Wits School of Governance Director of Executive Education and Adjunct Professor Themba Maseko said on Thursday that there is great need to fix government and ensure that citizens come first by addressing the scourge of corruption.
Maseko, who addressed delegates on day three of ActionSA’s maiden policy conference, was one of the first to take action to expose State capture during former president Jacob Zuma's administration.
He ultimately gave crucial evidence at the Zondo Commission of Inquiry.
Maseko told ActionSA delegates that there was an urgent need to build an efficient and ethical State that was also accountable to citizens.
"We need to change power relations between the haves and the have-nots because the majority of our citizens feel completely excluded from the economy and from the government. As a result of that, we are the most unequal society in the world, and unless we address this, we are not likely to run a successful country," he warned.
He said there needed to be better ways of insulating and professionalising the public service and making sure that those who were given the responsibility to manage and run government structures, including State-owned enterprises, were skilled and committed to achieving justice in society.
Maseko noted that South Africa was entering a phase of coalitions and he urged ActionSA leadership to dismiss “transaction coalitions” that are based on patronage and an "it’s our time to eat” mentality.
He said it was the duty of all political parties to ensure that citizens, and not the leaders of the political parties, were top priorities.
He said parties in coalition arrangements must not be there to “put their people in positions” especially those who may not have the necessary skills and capacity to govern.
He told delegates that coalitions must be about “it is our time to serve the people” and not about it being "our time for lining our pockets".
"Political parties like yourselves, in my view, have a responsibility to defend constitutionalism. Our Constitution, the supreme law, must come first and everything that we do must be done to fulfil the goals and objectives as stated in our Constitution. There are many who are beginning to argue that our Constitution is not serving our people. I think it is our failure to implement what the Constitution says that is a problem," stressed Maseko.
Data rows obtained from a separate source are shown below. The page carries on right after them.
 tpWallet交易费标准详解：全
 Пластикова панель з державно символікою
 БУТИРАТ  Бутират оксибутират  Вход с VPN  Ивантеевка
He warned delegates to guard against the view that Parliament must be supreme, as opposed to the Constitution.
He said this temptation must be resisted at all costs.
Maseko said political parties must support electoral reform, the primary objective of which was to give power back to citizens and ensure that every elected leader was accountable to citizens.
Maseko urged delegates to defend the judiciary, and warned that all attempts to undermine it would have the effect of giving too much power to political leaders, as has been evident in Zimbabwe.
"Political parties, like yourselves, have a responsibility to design impactful and appropriate policies. It is my hope that your conference has come up with policies that will take our country forward,” he told ActionSA delegates.
He criticised the fact that all political parties, including ActionSA, did not spend enough money on policy, research analysis and design, compared with money spent producing t-shirts and posters.
He said it was important for political parties to begin to realise that if they wanted to transform society, they must spend enough time designing policies and implementation plans that would transform and achieve objectives as a nation.
"Policies can feed the nation because if you design good policies, you will be able to solve many of the socio-economic problems facing our country and it is my view that posters do not feed citizens but sometimes do feed political gains," explained Maseko.
Maseko advised ActionSA to ensure that it professionalised by making politics attractive to young people, as many were often discouraged from participating.
"We need to make politics sexy again so that young people come in and bring skills. You can do this by making sure that as you elect leaders you make sure that you choose the best amongst yourselves to become your leaders, because at the end of the day, if all political parties don't select the most talented, many of our government structures will not be able to perform the tasks that they will be given," he said.
Money was running out in State coffers because there was a lack of sound and sustainable policies, which had crippled the country's economy, causing ongoing problems such as loadshedding, he said.
He told delegates that poor planning and corruption were huge issues.
"The problems that our society faces are structural in nature and deeply rooted in the political economy of the country. Unless and until we address these structural injustices facing the nation, our problems will persist. Fundamentally, we need to break with our colonial past as a country where a selected few control the economy and even more selected few control and run our political structures. Both of these forces are not accountable to citizens. The relationship and common interests of those two forces have full control over our citizens and power, to the exclusion of the majority," he stressed.
There was a need to strengthen the structures of accountability, he said, so that those who ran the economy could also contribute to growing it and those who run government were held accountable.